What is scena? It is a renderer and scene-graph library for Rust applications that need glTF assets, model-viewer workflows, CAD-style inspection, industrial visualization, browser/native targets, and deterministic visual proof.

Can it replace Three.js? Yes for Rust applications that want the scene-graph/model-viewer workflow in a native Rust package. scena focuses on typed Rust APIs, explicit lifecycle control, asset ownership, deterministic rendering, and native/WASM deployment.

Why is prepare() explicit? Because fetch, parse, upload, pipeline, batching, and capability decisions belong in a predictable step. render() draws prepared state with host-visible diagnostics.

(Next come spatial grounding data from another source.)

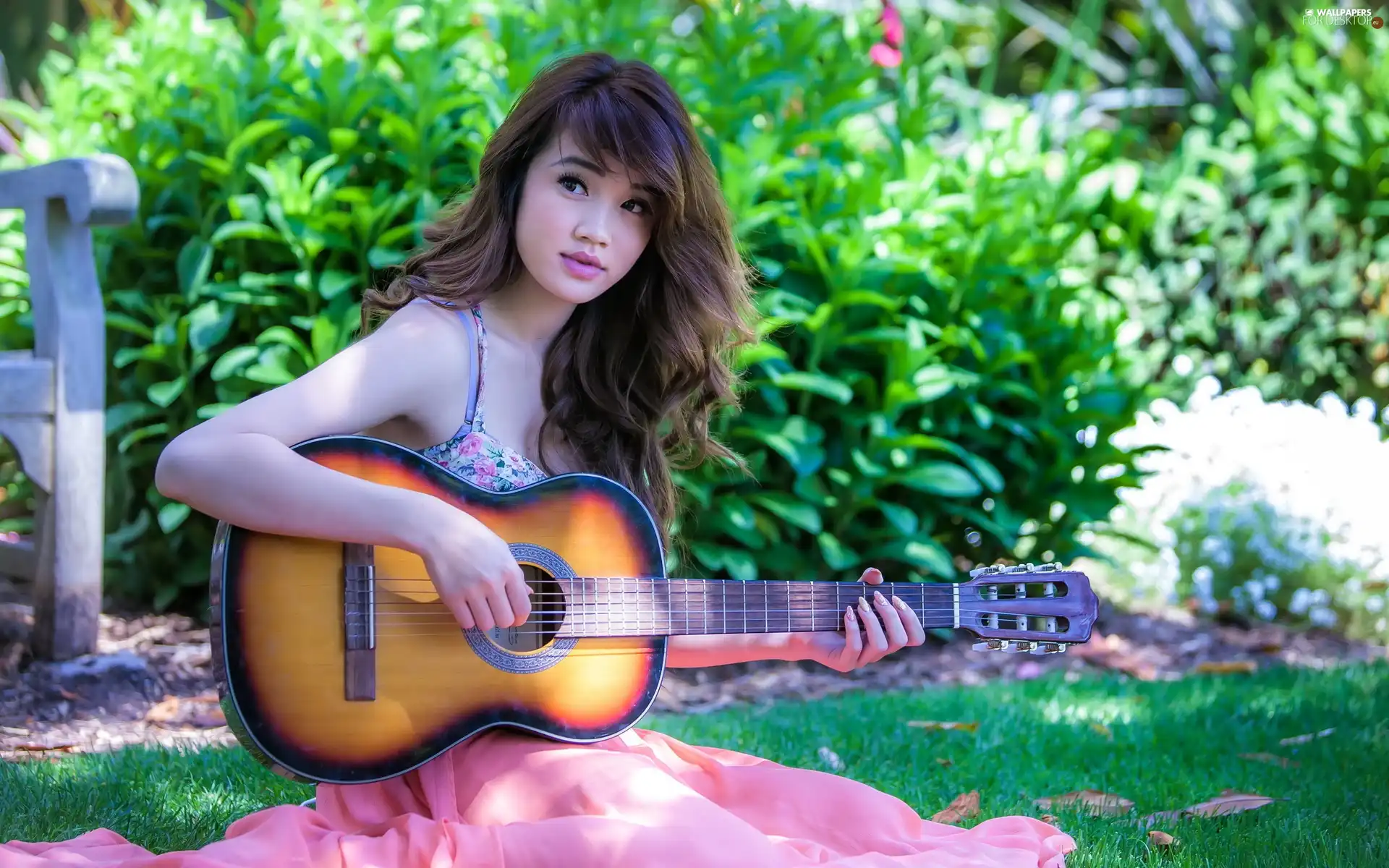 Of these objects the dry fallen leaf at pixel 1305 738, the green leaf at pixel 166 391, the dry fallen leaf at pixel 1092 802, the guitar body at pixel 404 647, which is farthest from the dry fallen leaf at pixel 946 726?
the green leaf at pixel 166 391

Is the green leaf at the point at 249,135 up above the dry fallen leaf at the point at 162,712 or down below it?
above

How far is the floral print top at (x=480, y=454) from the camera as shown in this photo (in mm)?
2281

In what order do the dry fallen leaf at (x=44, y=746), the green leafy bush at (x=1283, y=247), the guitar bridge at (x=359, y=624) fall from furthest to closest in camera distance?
the green leafy bush at (x=1283, y=247) → the dry fallen leaf at (x=44, y=746) → the guitar bridge at (x=359, y=624)

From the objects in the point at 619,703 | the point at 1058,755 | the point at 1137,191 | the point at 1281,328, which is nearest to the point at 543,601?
the point at 619,703

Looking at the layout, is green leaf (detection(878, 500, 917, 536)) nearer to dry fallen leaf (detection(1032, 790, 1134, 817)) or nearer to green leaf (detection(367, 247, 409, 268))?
dry fallen leaf (detection(1032, 790, 1134, 817))

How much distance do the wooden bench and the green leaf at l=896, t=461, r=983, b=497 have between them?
2.33 meters

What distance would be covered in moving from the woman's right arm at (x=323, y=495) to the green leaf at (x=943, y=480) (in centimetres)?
214

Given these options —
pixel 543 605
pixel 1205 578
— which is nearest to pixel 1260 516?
pixel 1205 578

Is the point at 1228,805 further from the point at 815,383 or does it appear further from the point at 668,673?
the point at 668,673

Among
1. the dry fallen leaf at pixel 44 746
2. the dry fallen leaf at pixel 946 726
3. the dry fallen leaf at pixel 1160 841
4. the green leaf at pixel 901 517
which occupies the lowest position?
the dry fallen leaf at pixel 1160 841

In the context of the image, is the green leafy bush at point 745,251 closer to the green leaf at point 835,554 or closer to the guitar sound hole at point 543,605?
the green leaf at point 835,554

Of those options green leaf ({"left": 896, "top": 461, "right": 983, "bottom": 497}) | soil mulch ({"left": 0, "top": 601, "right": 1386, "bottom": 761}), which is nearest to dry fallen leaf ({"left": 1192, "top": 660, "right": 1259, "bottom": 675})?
soil mulch ({"left": 0, "top": 601, "right": 1386, "bottom": 761})

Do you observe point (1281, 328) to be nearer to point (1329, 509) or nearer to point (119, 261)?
point (1329, 509)

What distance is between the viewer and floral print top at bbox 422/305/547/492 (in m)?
2.28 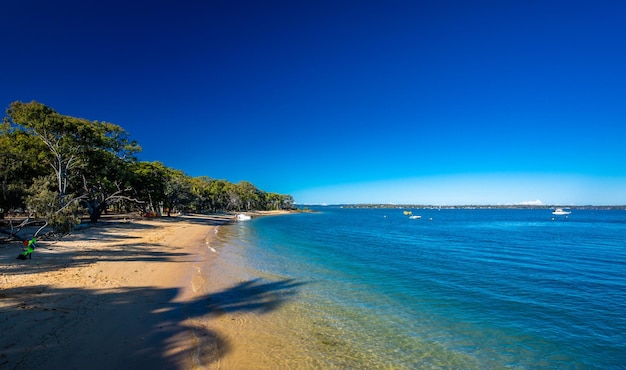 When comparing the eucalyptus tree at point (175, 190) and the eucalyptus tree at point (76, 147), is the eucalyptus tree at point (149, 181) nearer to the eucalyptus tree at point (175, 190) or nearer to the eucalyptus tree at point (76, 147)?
the eucalyptus tree at point (175, 190)

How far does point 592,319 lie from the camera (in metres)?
11.1

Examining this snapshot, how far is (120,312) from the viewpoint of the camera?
9820 mm

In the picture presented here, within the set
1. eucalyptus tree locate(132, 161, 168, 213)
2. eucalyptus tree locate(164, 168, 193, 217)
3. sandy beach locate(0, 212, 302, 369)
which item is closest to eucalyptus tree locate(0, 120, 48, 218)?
sandy beach locate(0, 212, 302, 369)

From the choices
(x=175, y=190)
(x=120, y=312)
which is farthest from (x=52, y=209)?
(x=175, y=190)

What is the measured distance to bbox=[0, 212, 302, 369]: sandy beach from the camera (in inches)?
279

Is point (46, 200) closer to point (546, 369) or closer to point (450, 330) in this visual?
point (450, 330)

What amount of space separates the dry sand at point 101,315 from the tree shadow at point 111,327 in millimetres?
19

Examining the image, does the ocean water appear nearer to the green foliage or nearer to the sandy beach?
the sandy beach

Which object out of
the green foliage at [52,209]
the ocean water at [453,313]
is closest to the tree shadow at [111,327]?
the ocean water at [453,313]

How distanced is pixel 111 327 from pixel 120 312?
124 centimetres

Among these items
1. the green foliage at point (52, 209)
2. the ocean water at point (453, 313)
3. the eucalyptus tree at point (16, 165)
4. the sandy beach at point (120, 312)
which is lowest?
the ocean water at point (453, 313)

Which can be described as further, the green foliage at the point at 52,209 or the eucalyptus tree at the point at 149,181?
the eucalyptus tree at the point at 149,181

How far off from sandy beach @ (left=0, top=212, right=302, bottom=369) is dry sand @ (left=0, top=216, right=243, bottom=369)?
0.8 inches

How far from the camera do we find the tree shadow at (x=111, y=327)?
6.88 m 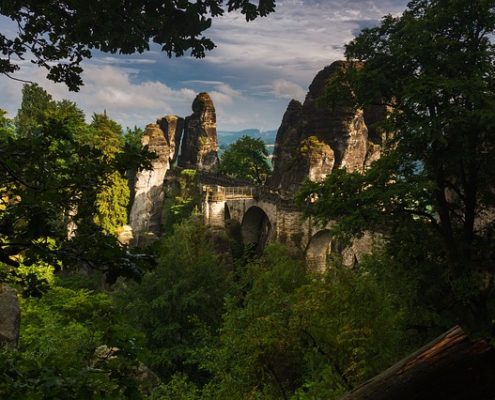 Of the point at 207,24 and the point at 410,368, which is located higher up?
the point at 207,24

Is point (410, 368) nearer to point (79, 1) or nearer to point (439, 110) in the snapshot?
point (79, 1)

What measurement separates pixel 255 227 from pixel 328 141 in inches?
442

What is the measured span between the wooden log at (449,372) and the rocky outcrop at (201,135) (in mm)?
54835

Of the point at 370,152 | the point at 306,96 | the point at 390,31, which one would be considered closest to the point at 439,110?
the point at 390,31

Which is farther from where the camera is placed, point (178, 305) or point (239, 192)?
point (239, 192)

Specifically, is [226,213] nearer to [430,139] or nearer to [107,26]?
[430,139]

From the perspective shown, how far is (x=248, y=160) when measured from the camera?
54250 mm

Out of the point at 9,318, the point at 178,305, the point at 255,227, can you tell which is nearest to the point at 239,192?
the point at 255,227

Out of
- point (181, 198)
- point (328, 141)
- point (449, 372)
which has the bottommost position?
point (449, 372)

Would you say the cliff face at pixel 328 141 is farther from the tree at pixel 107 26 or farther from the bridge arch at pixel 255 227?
the tree at pixel 107 26

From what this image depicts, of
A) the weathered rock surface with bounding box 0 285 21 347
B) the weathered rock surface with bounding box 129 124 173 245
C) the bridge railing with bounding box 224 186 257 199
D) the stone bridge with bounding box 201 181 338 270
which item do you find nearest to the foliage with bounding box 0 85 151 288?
the weathered rock surface with bounding box 0 285 21 347

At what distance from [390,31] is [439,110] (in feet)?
10.7

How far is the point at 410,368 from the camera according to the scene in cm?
308

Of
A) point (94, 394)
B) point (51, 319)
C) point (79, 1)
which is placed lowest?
point (51, 319) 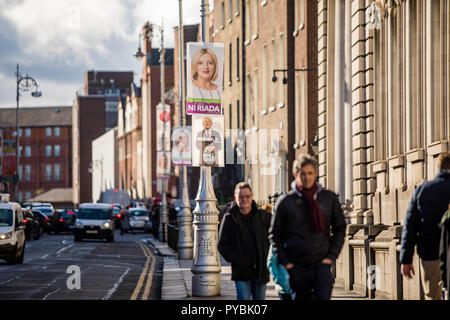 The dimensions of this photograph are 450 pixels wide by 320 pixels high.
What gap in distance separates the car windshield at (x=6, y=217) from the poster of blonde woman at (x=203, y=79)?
1462cm

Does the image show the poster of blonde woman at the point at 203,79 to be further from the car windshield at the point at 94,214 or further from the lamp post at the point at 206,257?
the car windshield at the point at 94,214

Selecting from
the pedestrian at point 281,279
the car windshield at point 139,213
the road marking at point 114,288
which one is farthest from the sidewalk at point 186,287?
the car windshield at point 139,213

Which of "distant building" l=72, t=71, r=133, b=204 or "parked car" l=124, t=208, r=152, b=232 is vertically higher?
"distant building" l=72, t=71, r=133, b=204

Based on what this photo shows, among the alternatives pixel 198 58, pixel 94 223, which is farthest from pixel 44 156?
pixel 198 58

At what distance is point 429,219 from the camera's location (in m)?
10.2

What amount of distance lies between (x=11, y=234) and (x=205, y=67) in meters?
14.7

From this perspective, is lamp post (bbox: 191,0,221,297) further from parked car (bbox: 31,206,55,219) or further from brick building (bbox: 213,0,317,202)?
parked car (bbox: 31,206,55,219)

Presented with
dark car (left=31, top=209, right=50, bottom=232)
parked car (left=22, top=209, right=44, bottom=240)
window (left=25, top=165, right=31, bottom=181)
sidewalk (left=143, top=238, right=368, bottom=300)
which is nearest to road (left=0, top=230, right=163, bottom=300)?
sidewalk (left=143, top=238, right=368, bottom=300)

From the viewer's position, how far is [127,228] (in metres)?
68.9

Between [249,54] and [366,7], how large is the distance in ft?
86.2

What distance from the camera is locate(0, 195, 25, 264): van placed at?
103 ft

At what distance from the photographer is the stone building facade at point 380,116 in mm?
17734

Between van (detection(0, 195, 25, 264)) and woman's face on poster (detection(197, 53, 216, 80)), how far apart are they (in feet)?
47.4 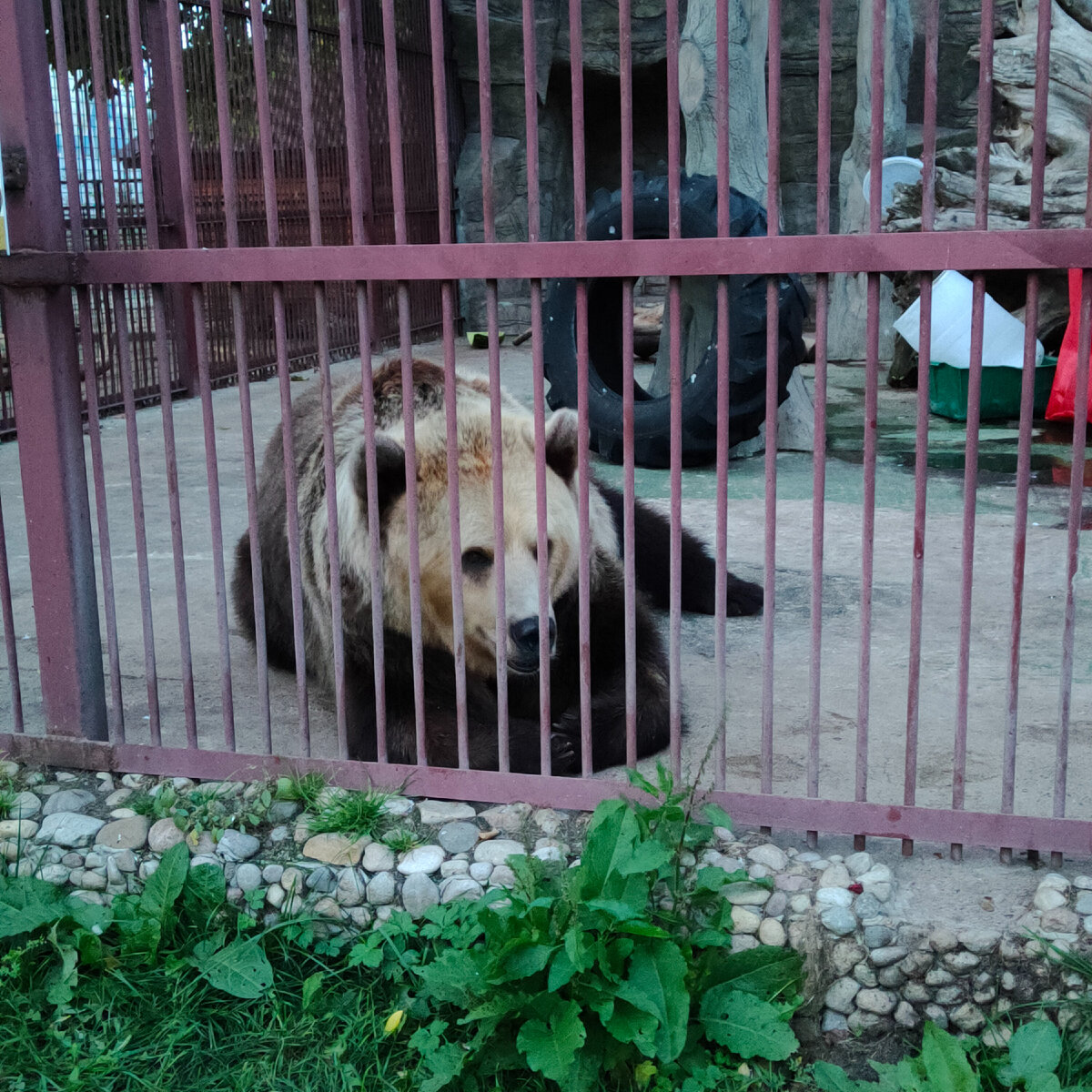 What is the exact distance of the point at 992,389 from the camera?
8.23 meters

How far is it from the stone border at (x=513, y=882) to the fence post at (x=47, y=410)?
0.28m

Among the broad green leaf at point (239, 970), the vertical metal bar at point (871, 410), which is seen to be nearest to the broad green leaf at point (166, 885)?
the broad green leaf at point (239, 970)

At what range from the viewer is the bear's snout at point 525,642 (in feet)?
9.64

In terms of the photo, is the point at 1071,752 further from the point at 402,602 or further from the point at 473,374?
the point at 473,374

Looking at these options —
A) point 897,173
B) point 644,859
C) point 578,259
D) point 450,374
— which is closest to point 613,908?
point 644,859

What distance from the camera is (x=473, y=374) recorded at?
4012 mm

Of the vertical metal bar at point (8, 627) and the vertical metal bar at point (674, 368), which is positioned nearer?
the vertical metal bar at point (674, 368)

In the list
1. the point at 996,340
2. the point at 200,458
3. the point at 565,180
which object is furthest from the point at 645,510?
the point at 565,180

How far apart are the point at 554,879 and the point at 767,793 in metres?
0.49

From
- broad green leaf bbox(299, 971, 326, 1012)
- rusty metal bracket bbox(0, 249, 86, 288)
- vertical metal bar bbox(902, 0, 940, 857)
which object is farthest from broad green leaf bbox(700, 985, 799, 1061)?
rusty metal bracket bbox(0, 249, 86, 288)

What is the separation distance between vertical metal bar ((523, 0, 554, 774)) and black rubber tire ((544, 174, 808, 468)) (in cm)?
373

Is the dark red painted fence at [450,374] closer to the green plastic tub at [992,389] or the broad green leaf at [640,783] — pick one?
the broad green leaf at [640,783]

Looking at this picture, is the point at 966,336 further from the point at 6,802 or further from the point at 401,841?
the point at 6,802

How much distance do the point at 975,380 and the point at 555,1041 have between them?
144 centimetres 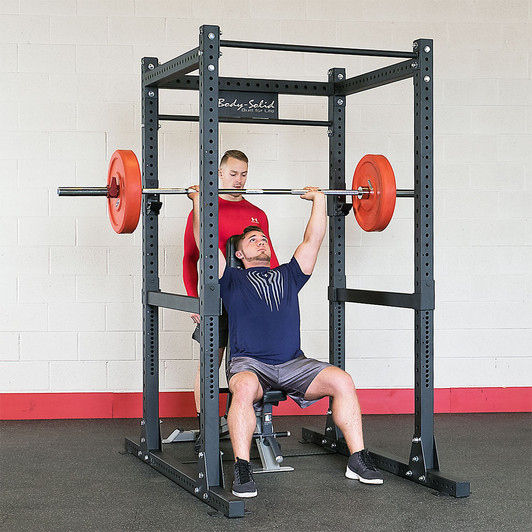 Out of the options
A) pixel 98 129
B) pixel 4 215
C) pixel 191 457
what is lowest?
pixel 191 457

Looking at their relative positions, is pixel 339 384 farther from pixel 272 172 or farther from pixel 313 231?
pixel 272 172

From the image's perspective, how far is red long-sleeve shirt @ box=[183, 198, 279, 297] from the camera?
159 inches

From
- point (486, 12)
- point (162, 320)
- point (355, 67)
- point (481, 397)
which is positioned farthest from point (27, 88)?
point (481, 397)

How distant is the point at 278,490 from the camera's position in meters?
3.36

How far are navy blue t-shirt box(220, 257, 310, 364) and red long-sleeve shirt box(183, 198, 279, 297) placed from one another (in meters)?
0.36

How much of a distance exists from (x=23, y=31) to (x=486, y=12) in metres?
2.81

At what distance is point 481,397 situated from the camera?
16.7ft

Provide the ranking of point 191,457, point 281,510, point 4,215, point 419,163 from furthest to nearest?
point 4,215
point 191,457
point 419,163
point 281,510

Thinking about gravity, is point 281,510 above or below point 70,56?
below

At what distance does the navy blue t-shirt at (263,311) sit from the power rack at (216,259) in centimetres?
31

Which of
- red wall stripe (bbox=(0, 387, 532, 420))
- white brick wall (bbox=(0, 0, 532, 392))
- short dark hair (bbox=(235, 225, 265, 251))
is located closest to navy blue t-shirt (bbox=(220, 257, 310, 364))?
short dark hair (bbox=(235, 225, 265, 251))

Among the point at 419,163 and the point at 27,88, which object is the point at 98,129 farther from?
the point at 419,163

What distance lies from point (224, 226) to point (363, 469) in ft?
4.45

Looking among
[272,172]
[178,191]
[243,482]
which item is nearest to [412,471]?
[243,482] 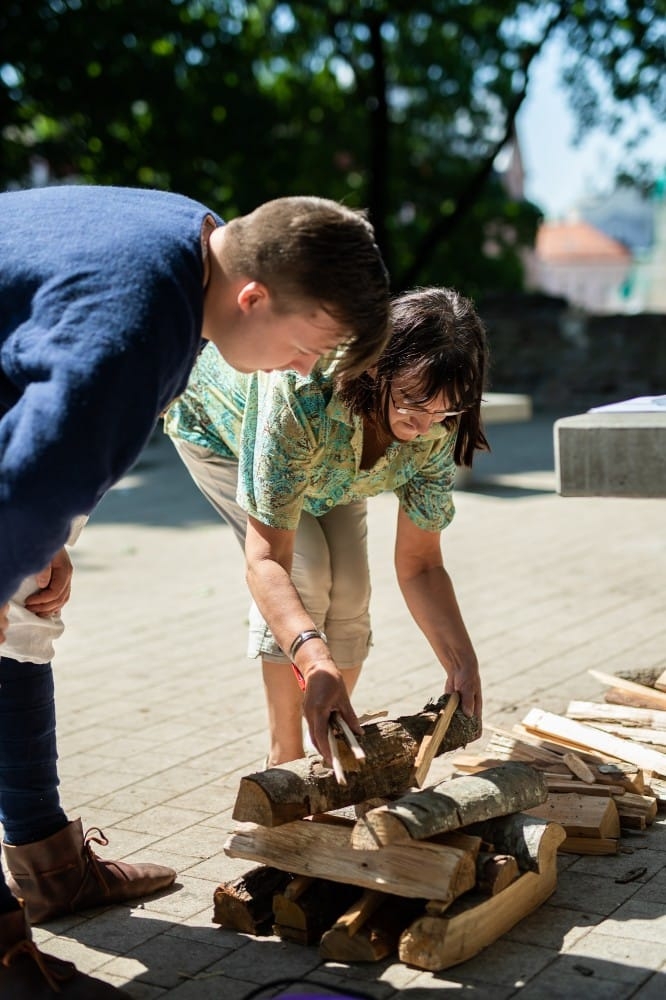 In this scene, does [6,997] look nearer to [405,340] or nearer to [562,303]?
[405,340]

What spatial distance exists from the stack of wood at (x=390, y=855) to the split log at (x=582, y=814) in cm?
25

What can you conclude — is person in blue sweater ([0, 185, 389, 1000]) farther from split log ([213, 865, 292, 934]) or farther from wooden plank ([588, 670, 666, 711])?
wooden plank ([588, 670, 666, 711])

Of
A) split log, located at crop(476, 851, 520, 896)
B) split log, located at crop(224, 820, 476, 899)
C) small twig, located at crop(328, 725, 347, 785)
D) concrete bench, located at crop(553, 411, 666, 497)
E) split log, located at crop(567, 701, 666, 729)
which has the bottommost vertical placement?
split log, located at crop(567, 701, 666, 729)

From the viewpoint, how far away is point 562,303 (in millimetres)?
19906

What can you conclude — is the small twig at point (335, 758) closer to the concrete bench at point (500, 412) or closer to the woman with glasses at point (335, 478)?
the woman with glasses at point (335, 478)

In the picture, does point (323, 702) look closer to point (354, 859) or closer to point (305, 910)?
point (354, 859)

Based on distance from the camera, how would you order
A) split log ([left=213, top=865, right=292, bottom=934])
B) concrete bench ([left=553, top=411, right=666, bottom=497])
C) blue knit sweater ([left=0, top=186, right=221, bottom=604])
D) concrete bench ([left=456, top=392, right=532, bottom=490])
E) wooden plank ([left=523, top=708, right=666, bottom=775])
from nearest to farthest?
1. blue knit sweater ([left=0, top=186, right=221, bottom=604])
2. split log ([left=213, top=865, right=292, bottom=934])
3. concrete bench ([left=553, top=411, right=666, bottom=497])
4. wooden plank ([left=523, top=708, right=666, bottom=775])
5. concrete bench ([left=456, top=392, right=532, bottom=490])

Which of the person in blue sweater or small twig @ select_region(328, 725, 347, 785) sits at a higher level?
the person in blue sweater

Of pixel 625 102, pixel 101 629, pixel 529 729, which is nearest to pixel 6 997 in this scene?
pixel 529 729

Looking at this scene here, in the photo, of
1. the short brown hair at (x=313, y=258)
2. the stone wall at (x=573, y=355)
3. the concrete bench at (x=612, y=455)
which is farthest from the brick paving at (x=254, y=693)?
the stone wall at (x=573, y=355)

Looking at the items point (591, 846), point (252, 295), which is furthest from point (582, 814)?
point (252, 295)

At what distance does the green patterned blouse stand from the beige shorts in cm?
5

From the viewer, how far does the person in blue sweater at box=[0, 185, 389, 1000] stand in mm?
1938

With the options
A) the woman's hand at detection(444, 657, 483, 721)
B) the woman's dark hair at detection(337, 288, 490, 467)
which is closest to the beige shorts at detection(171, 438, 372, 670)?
the woman's hand at detection(444, 657, 483, 721) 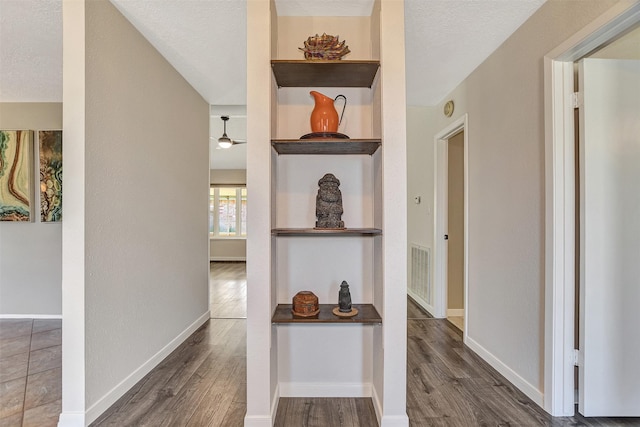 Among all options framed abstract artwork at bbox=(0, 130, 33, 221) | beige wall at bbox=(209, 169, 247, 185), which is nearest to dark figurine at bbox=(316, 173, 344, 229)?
framed abstract artwork at bbox=(0, 130, 33, 221)

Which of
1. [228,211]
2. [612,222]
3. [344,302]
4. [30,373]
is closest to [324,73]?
[344,302]

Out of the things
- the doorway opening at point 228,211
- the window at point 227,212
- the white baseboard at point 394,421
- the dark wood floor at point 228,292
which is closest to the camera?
the white baseboard at point 394,421

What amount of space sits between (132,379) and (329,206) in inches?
68.1

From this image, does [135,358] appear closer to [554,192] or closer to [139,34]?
[139,34]

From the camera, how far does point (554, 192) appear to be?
1829 mm

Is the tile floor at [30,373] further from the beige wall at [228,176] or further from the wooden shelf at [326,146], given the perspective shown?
the beige wall at [228,176]

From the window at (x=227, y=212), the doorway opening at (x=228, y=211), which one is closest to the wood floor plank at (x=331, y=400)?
the doorway opening at (x=228, y=211)

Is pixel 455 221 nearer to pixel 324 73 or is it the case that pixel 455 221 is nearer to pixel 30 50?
pixel 324 73

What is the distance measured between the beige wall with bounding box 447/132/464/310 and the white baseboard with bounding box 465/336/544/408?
95 cm

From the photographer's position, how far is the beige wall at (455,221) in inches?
147

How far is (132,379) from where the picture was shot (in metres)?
2.15

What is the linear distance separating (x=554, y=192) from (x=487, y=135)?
864 mm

How does resource cleanup work? Resource ownership is handle-based and renderer-owned cleanup is explicit. The host works with typed handles while scena schedules renderer resource cleanup through its lifecycle.

How does application state connect to scena? Application state stays in the host application. The host maps visual state into Scene, Assets, and Renderer APIs for rendering, interaction, diagnostics, and proof.

Acknowledgements

scena builds on the Rust graphics ecosystem, especially wgpu, wasm-bindgen, web-sys, slotmap, glam, image, gltf, meshopt, and the Khronos glTF sample asset ecosystem used by the tests. The API is intentionally shaped by Three.js' practical scene-graph ergonomics while using Rust ownership, typed handles, and explicit lifecycle contracts.